Seven lines down from the top of page 298 of P & S, it says "Single particle states containing one electron, one positron, or one transversely polarized photon are gauge-invariant, while states with timelike and longitudinal photon polarizations transform under gauge motions". Here is eqn (4.6)(78)

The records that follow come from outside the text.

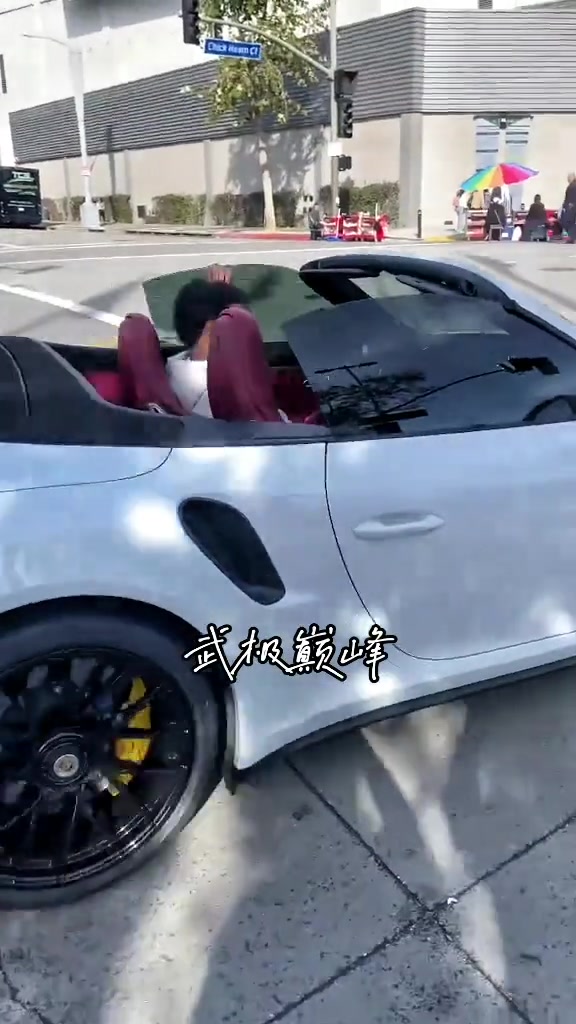 ????父子俩咋不开一个车，也不知道省点油????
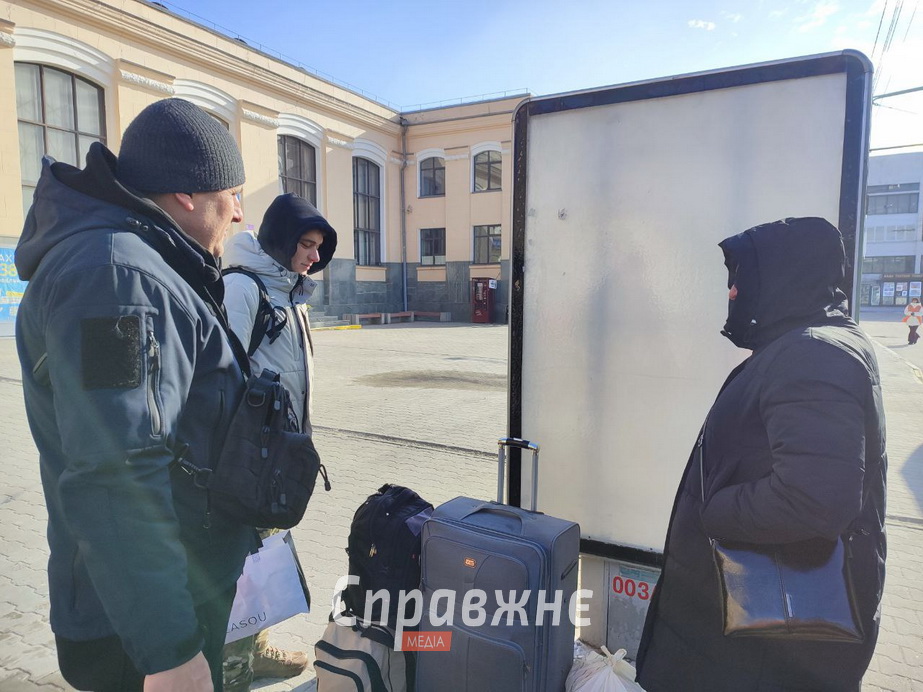 Валерій (ліворуч)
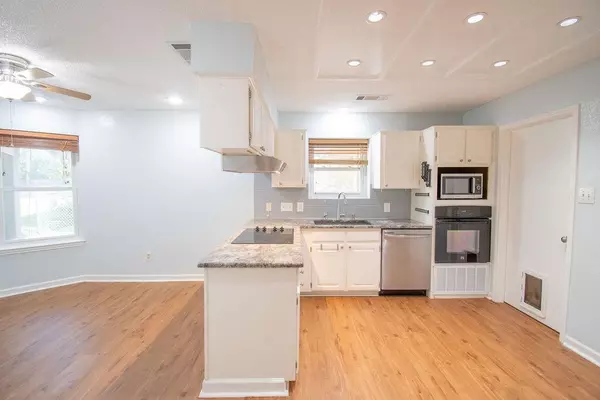 Round Rock, TX 78665,6 Fairview DR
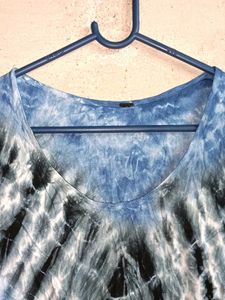 Oversized Tie-Dye Sleeveless Tunic Top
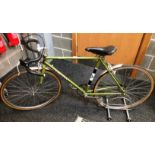 A Carlton Corsa 5 speed gentleman's racing bicycle with drop handle bars in green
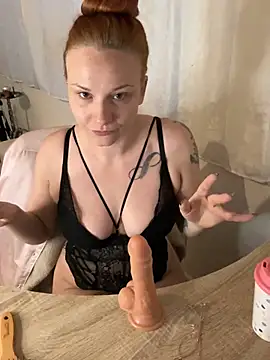 Fiebie licious  online show from April 14, 2026, 4:28 am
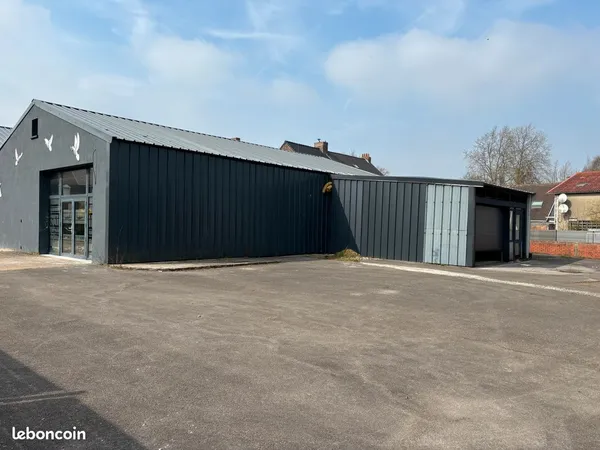 Bureaux et entrepôt avec parking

$\psi(x) \rightarrow e^{i\alpha(x)}\psi(x), A_{\mu} \rightarrow A_{\mu} - \frac{1}{e}\partial_{\mu}\alpha(x)$
I see that in a gauge transformation, the transformation of electrons and positrons is nothing more than a phase change and so these are manifestly gauge-invariant. However, for photons, $A_1$ and $A_2$ (the transverse photons) change in just the same way as $A_0$ and $A_3$ (the timelike and longitudinal photons). What's more, they all seem to be transformed, not gauge invariant. Probably I am looking at this in the wrong way. Can someone help me to see this in the proper light?
Answer
Just consider the gauge transformation after Fourier transforming everything. A Fourier transform turns derivatives into momenta, such that we get \begin{equation} \tilde A_\mu \rightarrow \tilde A_\mu - \frac1e k_\mu \tilde\alpha \;. \end{equation} This mean that only the component parallel to $k_\mu$ (the longitudinal one) will change, while the transversely polarized components (perpendicular to $k_\mu$) are left unchanged.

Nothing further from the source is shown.